Well, I have toi say im very glad to hear that. How do thyey get spare parts, like engine rings, pistons, valves, injectors and the like. I suppose by rebuilds, but there must be some backyard workshops somewhere making some of the parts, surely.


----------



## bobbysocks (Jan 8, 2013)

found a good story on this bird..with history and everything. evidently this plane doesnt like to fly on the 2nd day of the month....lol engine overhauled every 100 hours at a cost of $300.000+ ( aint cheap to own a warbird )...

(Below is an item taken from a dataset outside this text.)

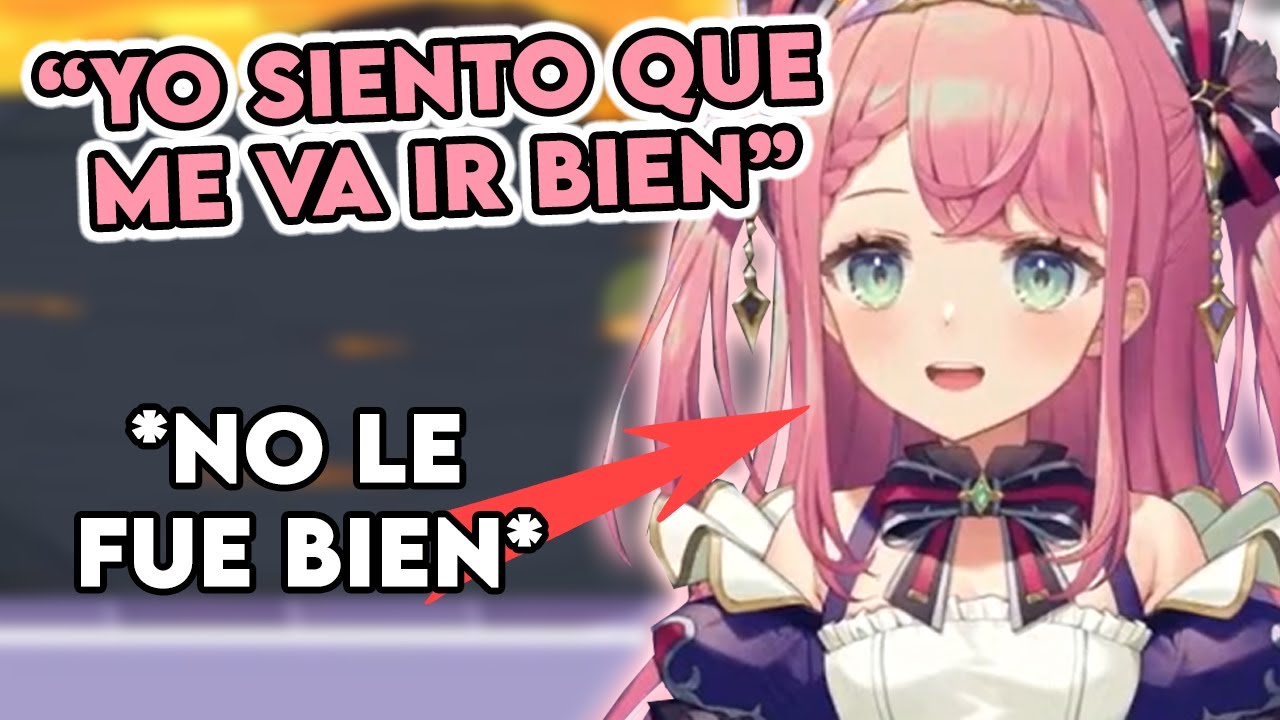 AIMI PENSÓ QUE HOY IBA A PASAR DE NIVEL [NO LO HIZO]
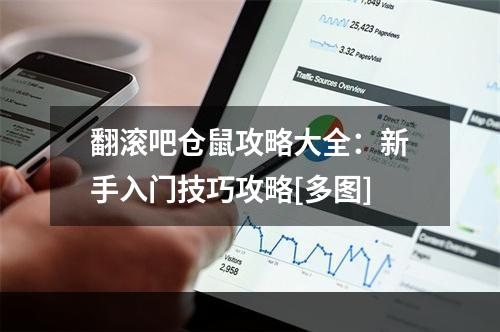 翻滚吧仓鼠攻略大全：新手入门技巧攻略[多图]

http://www.airshowsreview.com/TheMagazine-Aug-Sept2010.pdf

as for the parts....if you have the money...someone will make it for you. i would suppose the stocks of original stuff has long since been used or scrapped....but ya never know.


----------



## nuuumannn (Jan 9, 2013)

> How do they get spare parts, like engine rings, pistons, valves, injectors and the like?

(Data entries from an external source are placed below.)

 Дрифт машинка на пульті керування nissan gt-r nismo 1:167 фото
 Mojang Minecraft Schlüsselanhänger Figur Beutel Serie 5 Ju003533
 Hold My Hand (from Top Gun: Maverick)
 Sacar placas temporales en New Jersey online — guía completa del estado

They make new ones. You can pretty much reverse engineer any component with the right amount of money and technology these days. Bf 109G Black 6 in the mid 1990s, what a lovely machine:






























> as for the parts....if you have the money...someone will make it for you. i would suppose the stocks of original stuff has long since been used or scrapped....but ya never know.



Snap - you beat me to it Bobbysocks.


----------



## DerAdlerIstGelandet (Jan 9, 2013)

parsifal said:


> Well, I have toi say im very glad to hear that. How do thyey get spare parts, like engine rings, pistons, valves, injectors and the like. I suppose by rebuilds, but there must be some backyard workshops somewhere making some of the parts, surely.

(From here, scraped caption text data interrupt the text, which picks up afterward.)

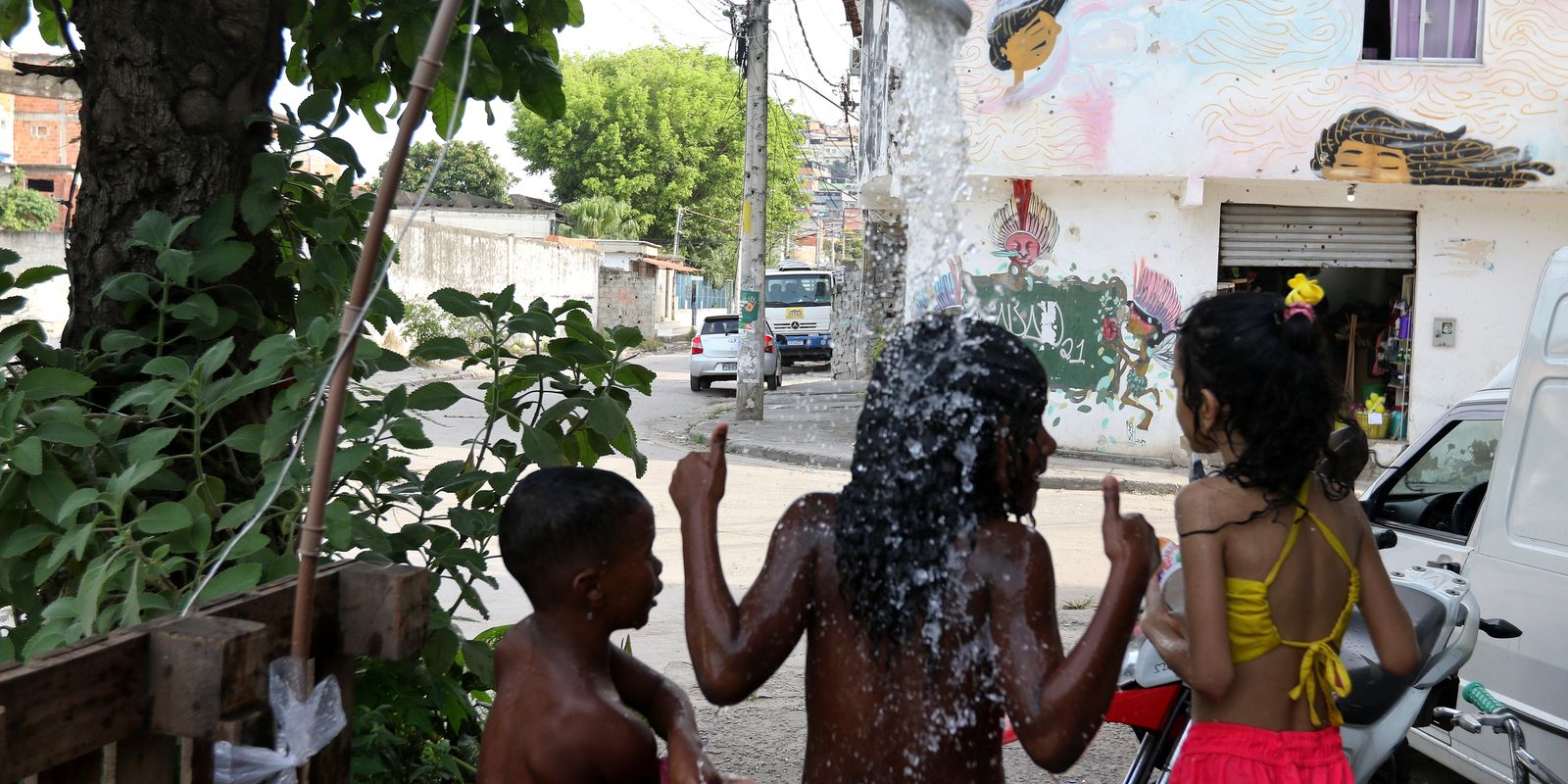 Crianças e adolescentes sofrem com mudanças climáticas, alerta Unicef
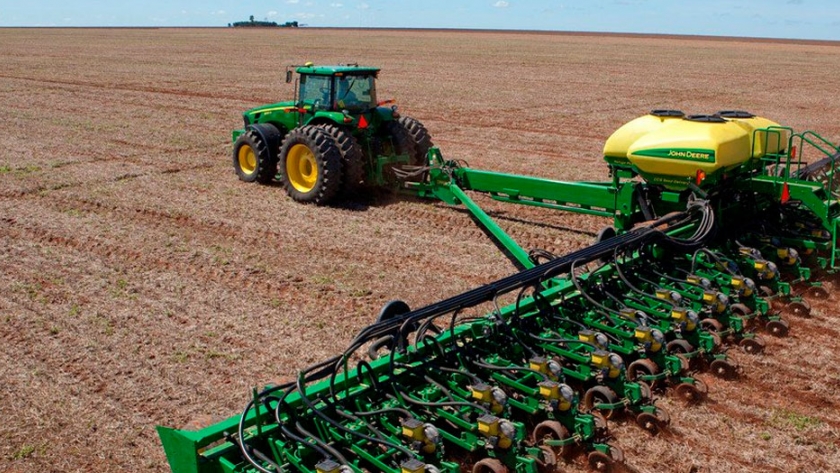 Finalizó la siembra de girasol con 613.000 hectáreas en áreas de la Bolsa de Cereales bahiense
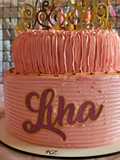 Torta de barbie sin gluten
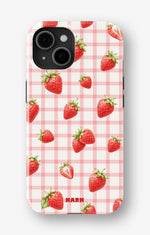iPhone 14 Tough Case – Strawbella - View 1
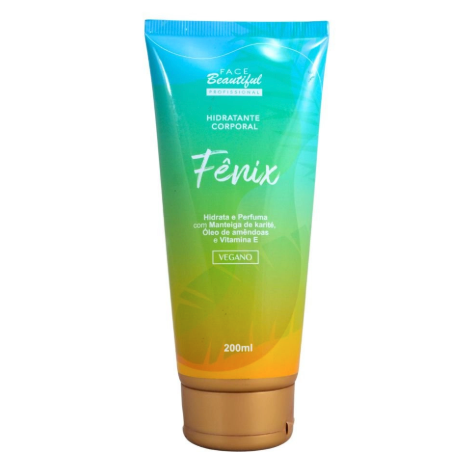 Hidratante Corporal Vegano Profissional Fênix Face Beautiful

The Messerschmitt company is now owned by EADS which also has the Messerschmitt foundation in Manching. In Manching near Munich they restore original Messerschmitt aircraft. There are actually pleny of DB 601 and DB 605s that survive today, and as far as I know they also make spare parts for them at EADS. I could be wrong however, but I am pretty sure they do. 

Every 109 that I have seen in flight, has an original DB engine in it. In Manching they have 3 of them. One of them is Ha-1112 that has been rebuilt with a DB 605.


----------



## parsifal (Jan 10, 2013)

I just love the pictures guys. Especially the one with two old adversaries side by side. A staged picture, I am sure, but one still worth taking.


----------



## nuuumannn (Jan 10, 2013)

> Especially the one with two old adversaries side by side. A staged picture, I am sure, but one still worth taking.



Absolutely, I have an identical one of the same '109 next to a Spit PR.XI. It's odd in that the Bf 109 looks small even next to a Spitfire. A menacing looking little beastie...


----------



## stona (Jan 11, 2013)

Those photos of Black 6 look like Duxford. It's not unusual to see former adversaries side by side along the flight line there on an airshow day.

Cheers

Steve


----------



## nuuumannn (Jan 11, 2013)

> Those photos of Black 6 look like Duxford.



T'was indeed Duxford; Legends 1997.


----------



## stona (Jan 11, 2013)

The year it crash landed in a field on the other side of the motorway.







ACM Sir John Allison,the pilot, refused to allow rescue crews to damage the aircraft further by cutting him free,preferring to wait nearly an hour for the aircraft to be lifted for him to escape. 

Another Messerschmitt design flaw,the lack of any kind of side door (Spitfire) or kick out panel (Hurricane) meaning that coming to rest inverted leaves little chance of escape with potentially fatal consequences. An important but usually overlooked consideration in the "what would you prefer to fly in the BoB?" type scenarios.

Cheers

Steve


----------